Сильно отличался Шершеневич от соратников по движению во взгляде на итальянский футуризм. Он перевел манифесты и некоторые стихотворные и прозаические произведения Ф. Т. Маринетти, встречал его в Москве в январе 1914 года и фактически солидаризировался с ним.
Итог футуристическому периоду в творчестве Шершеневича подвела книга «Автомобилья поступь: Лирика. (1913–1915)» (М., 1916). Рецензируя ее, Вл. Ходасевич писал: «Нам <…> кажется, что и в футуризме Шершеневич – только гость, что со временем он будет вспоминать „свой“ футуризм как один из экспериментов – не более»[193].
И действительно, вскоре Шершеневич стал инициатором нового направления в русской поэзии – имажинизма, при этом считая, что создает его «на обломках футуризма». «Футуризм умер потому, – писал он, – что таил в себе нечто более обширное, чем он сам, а именно имажионизм»[194].
Толпа гудела, как трамвайная проволока,
И небо вогнуто, как абажур…
Луна просвечивала сквозь облако,
Как женская ножка сквозь модный ажур.
И в заплеванном сквере среди фейерверка
Зазывов и фраз, экстазов и поз –
Голая женщина скорбно померкла,
Встав на скамейку в перчатках из роз.
И толпа хихикала, в смехе разменивая
Жестокую боль и упреки – а там
– У ног – копошилась девочка сиреневая
И слезы, как рифмы, текли по щекам.
И когда хотела женщина доверчивая
Из грудей отвислых выжать молоко –
Кровь выступала, на теле расчерчивая
Красный узор в стиле рококо.
<1913>
Руки луна уронила –
Два голубые луча.
(Вечер задумчив и ясен!)
Ах, над моею могилой
Тонкий, игрушечный ясень
Теплится, словно свеча.
Грустно лежу я во мраке,
Замкнут в себе, как сонет…
(Ласкова плесени зелень!)
Черви ползут из расщелин,
Будто с гвоздикой во фраке
Гости на званый обед.
<1913>
И. В. Игнатьеву
Обращайтесь с поэзами, как со светскими дамами,
В них влюбляйтесь, любите, преклоняйтесь с мольбами,
Не смущайте их души безнадежными драмами
Но зажгите остротами в глазах у них пламя.
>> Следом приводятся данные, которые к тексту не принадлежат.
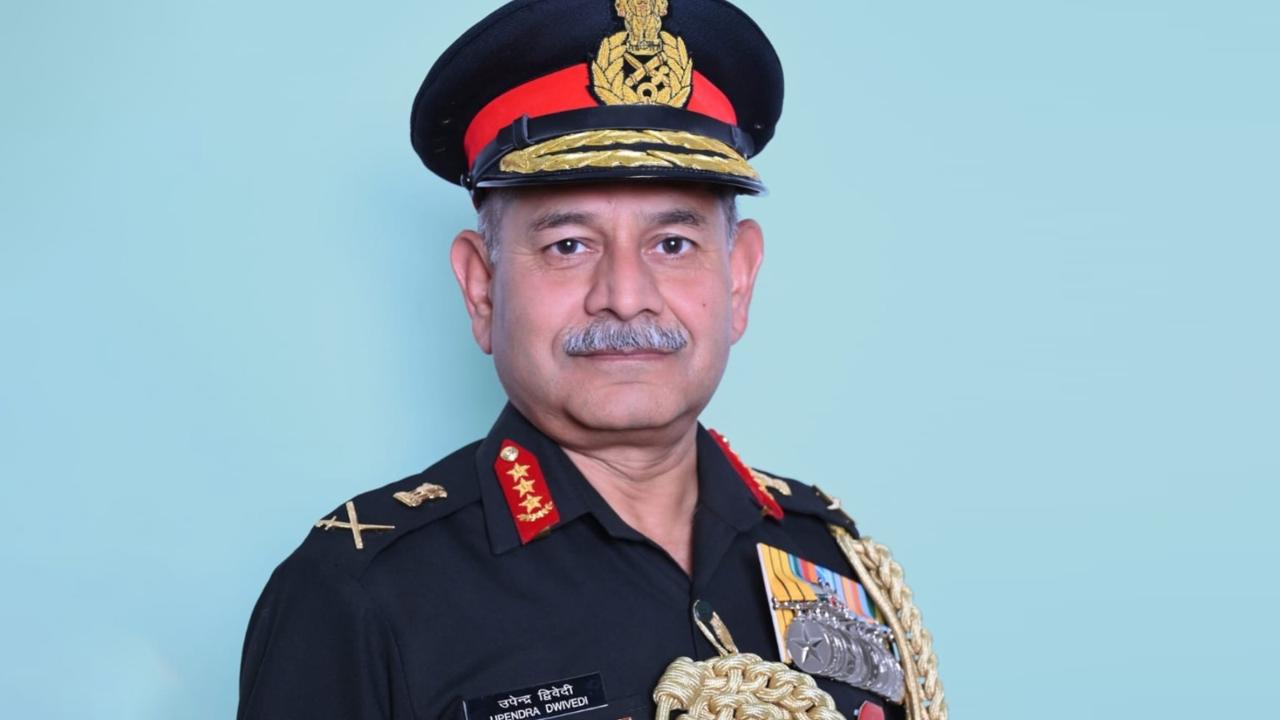 Lieutenant General Upendra Dwivedi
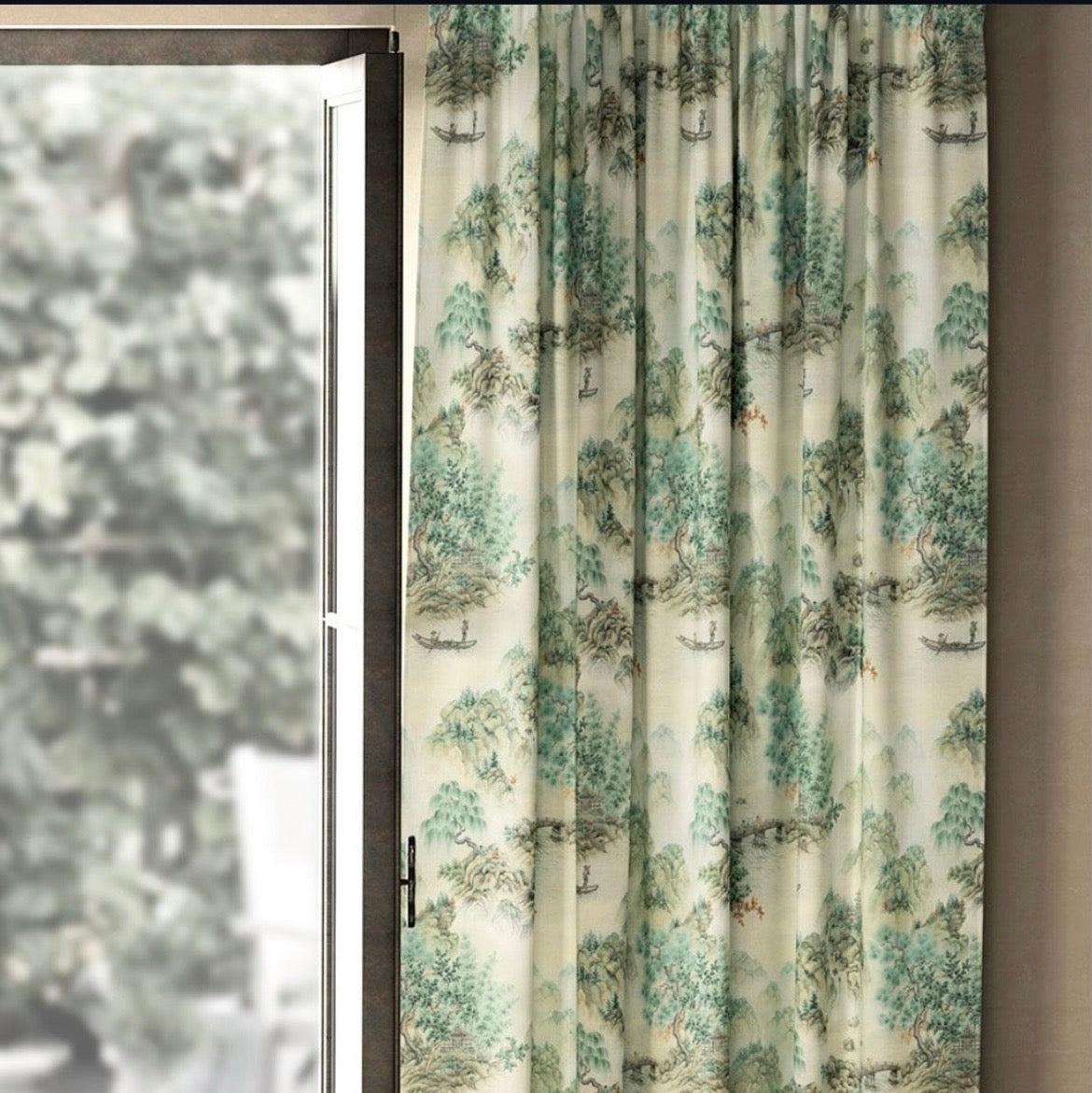 Noa Japanese Shibui fabric detail 2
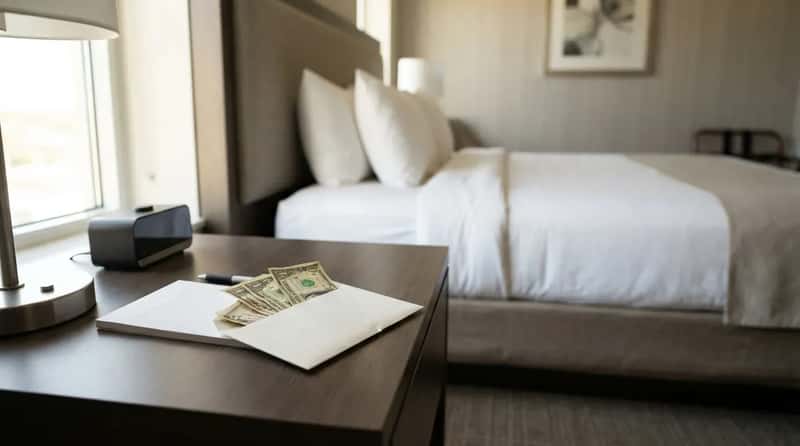 #8 - They Don't Skip the Housekeeping Tip (and They Don't Hide It) (Image Credits: Gemini)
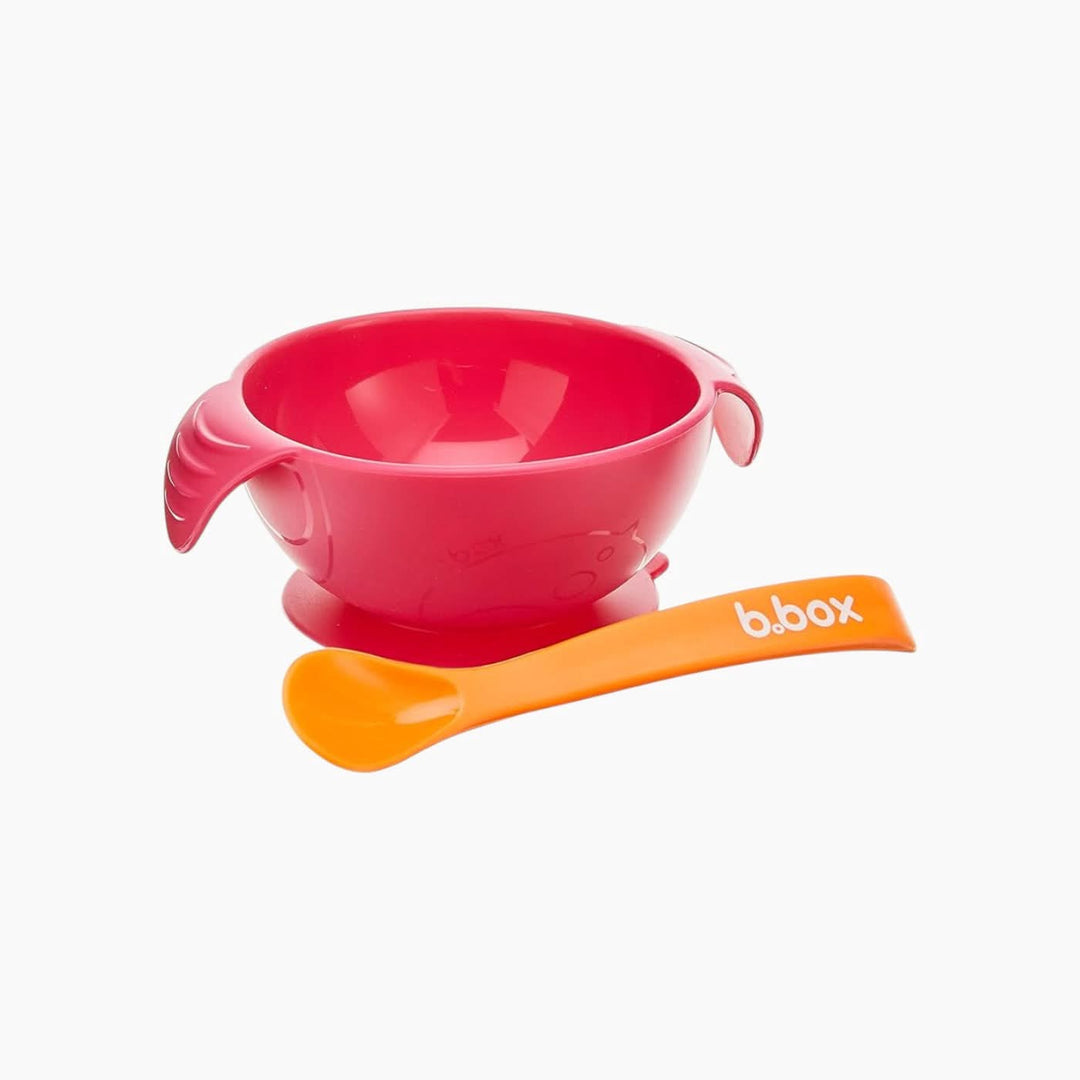 B.Box Silicone Bowl + Spoon
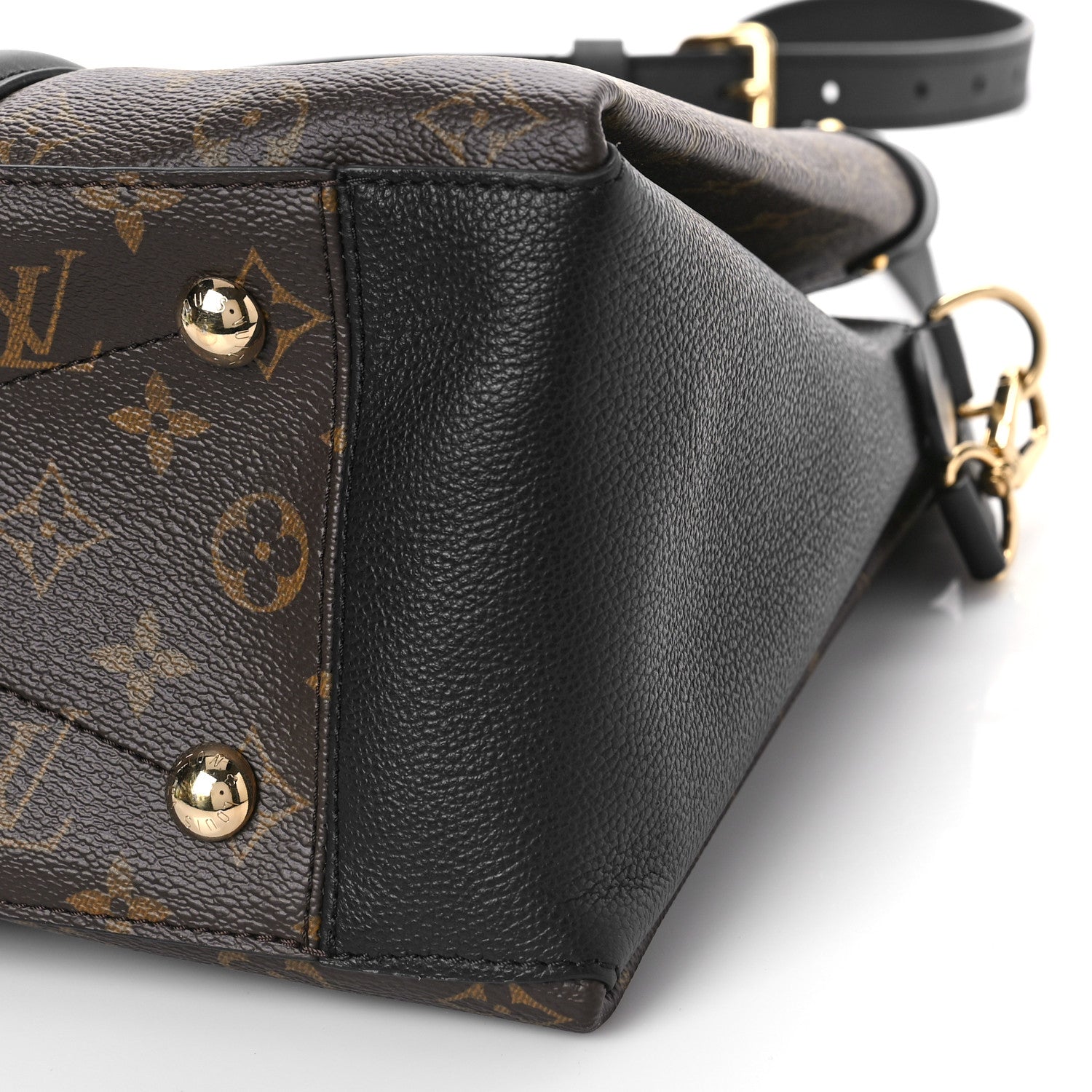 Louis Vuitton Monogram Soufflot MM Black 8 of 8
Нарумяньте им щеки, подведите мечтательно
Темно-синие брови, замерев в комплименте,
Уверяйте их страстно, что они обаятельны
И, на бал выезжая, их в шелка вы оденьте.
Разлучите с обычною одеждою скучною
В jupe-culotte[197] нарядите и как будто в браслеты
Облеките их руки нежно рифмой воздушною
И в прическу искусную воткните эгреты.
Если скучно возиться Вам, друзья, с ритмометрами,
С метрономами глупыми, с корсетами всеми –
На кокотке оставив туфли с белыми гетрами,
Вы бесчинствуйте с нею среди зал Академий.
<1913>
<1913>
Москва
Княгине М. У.
Мы были вдвоем, княгиня гордая!
(Ах, как многоуютно болтать вечерами!)
Следили за нами третий и четвертая
И беспокой овладевал нами.
К вам ужасно подходит Ваш сан сиятельный;
Особенно, когда Вы улыбаетесь строго!
На мне отражалась, как на бумаге промокательной,
Ваша свеженаписанная тревога.
Мне пить захотелось и с гримаскою бальной
Вы мне предложили влажные губы…
И страсть немедленно перешла в атаку нахальную
И забила в барабан, загремела в трубы.
И под эту надменную военную музыку
Я представил, что будет лет через триста.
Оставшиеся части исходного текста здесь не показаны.